Limited Competition from Imports: Fitch believes that it is unlikely for domestic consumers to trade-up to imported products as there is a significant price gap between local brown spirits and the cheapest imported products, and similarly for beer drinkers shifting to premium/imported brands. In addition, Thailand has tight regulations on the manufacture and consumption of alcoholic beverages - with frequent increases in excise taxes, restrictions on advertising, prohibition on promotional campaigns, limited selling hours and alcohol-free zones. However, this has served to act as very high entry barriers to competition.

There is a risk of future government excise tax hikes for alcohol, while the relatively inelastic demand for spirits (which accounted for 78% of ThaiBev's 1Q16 EBITDA) and the relative affordability of domestically manufactured products should enable the company to maintain its profitability over the longer term.

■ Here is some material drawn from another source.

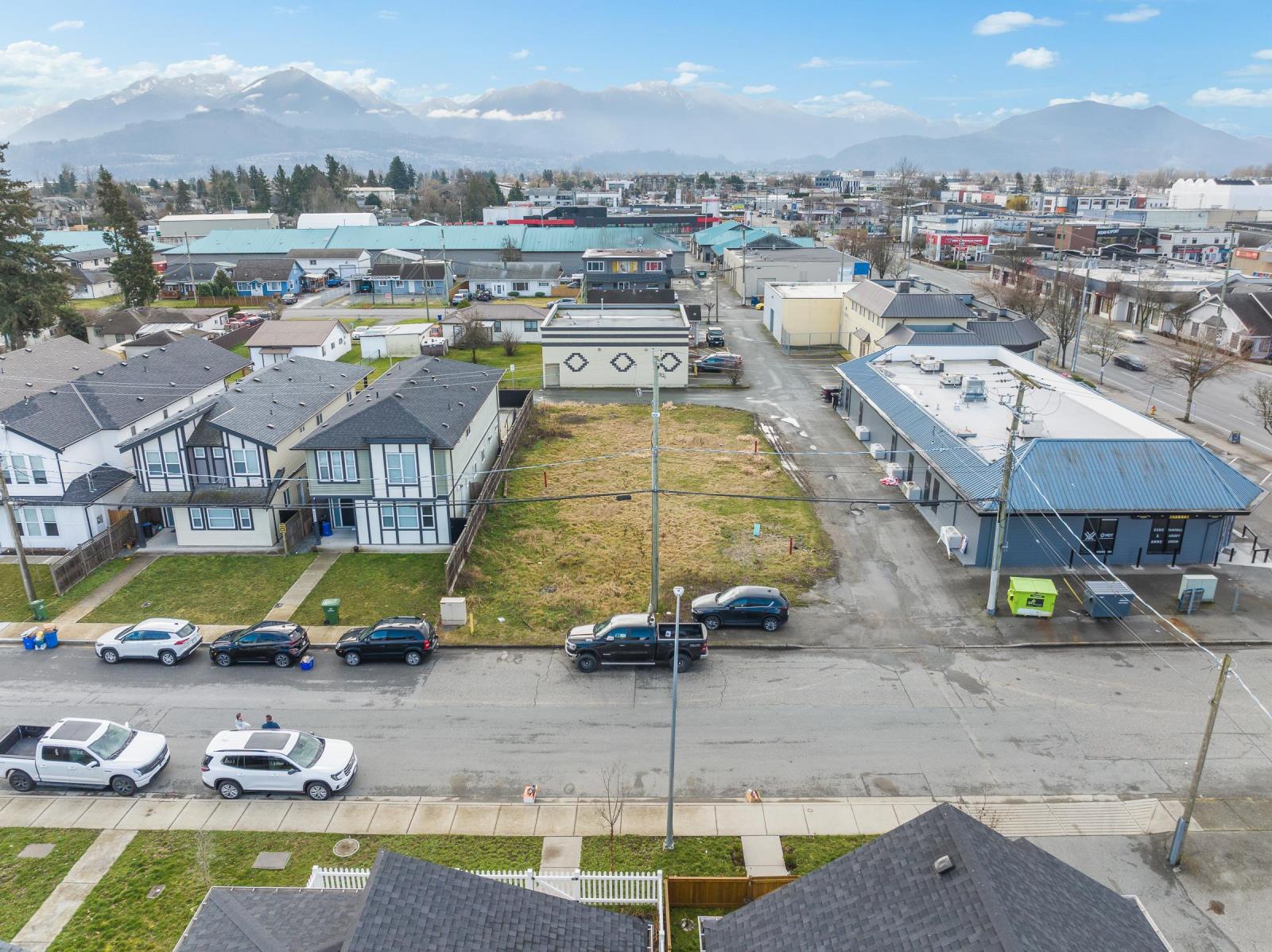 46004 Fourth Avenue, Chilliwack Downtown, Chilliwack, British Columbia  V2P 1N1 - Photo 1 - C8067265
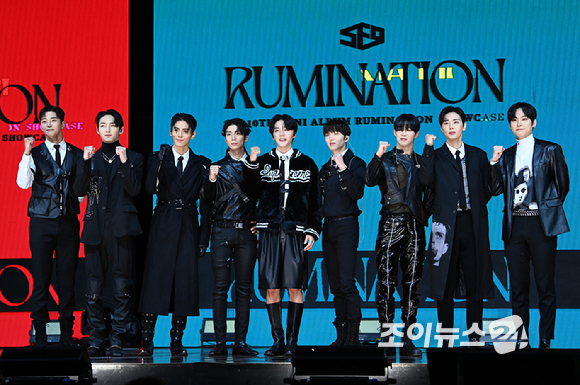 그룹 에스에프나인(SF9)이 22일 오후 서울 광진구 예스24라이브홀에서 열린 SF9 열 번째 미니앨범 '루미네이션(RUMINATION)' 발매 쇼케이스에서 포토타임을 갖고 있다. [사진=정소희 기자]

Fitch's key assumptions within our rating case for the issuer include:

- A mid-single-digit revenue growth of gross revenue

- EBITDA margin from the spirit business to remain at about 55% of net revenue; EBITDA margin from beer to improve to about 15% of net revenue in 2016, and come down to 14% in 2017 due to the expected competitive pressure; EBITDA margin from NAB to continue to improve; and the EBITDA margin from food to be maintained

- Capex of about THB4bn-5bn per year in 2016-2020

- Dividend payout ratio to be maintained at 60%


Negative: Developments that may, individually or collectively, lead to negative rating action include:

- FFO-adjusted net leverage sustained above 2.0x

-An expansion into other investments which results in a deterioration in the credit profile

-A sustained weakening in the EBITDA margins in the spirits segment to below 50% of net revenue (i. e. revenue excluding excise tax)

- Free cash flow margins sustained below 3.5% of net revenue.

Positive: Developments that may, individually or collectively, lead to positive rating action include:

-No positive rating action is anticipated over the medium-term owing to the geographic concentration of cash flows in Thailand. Over the longer term, greater geographic diversification without a dilution in its domestic competitive position or deterioration in its overall financial profile could lead to an upgrade of the ratings.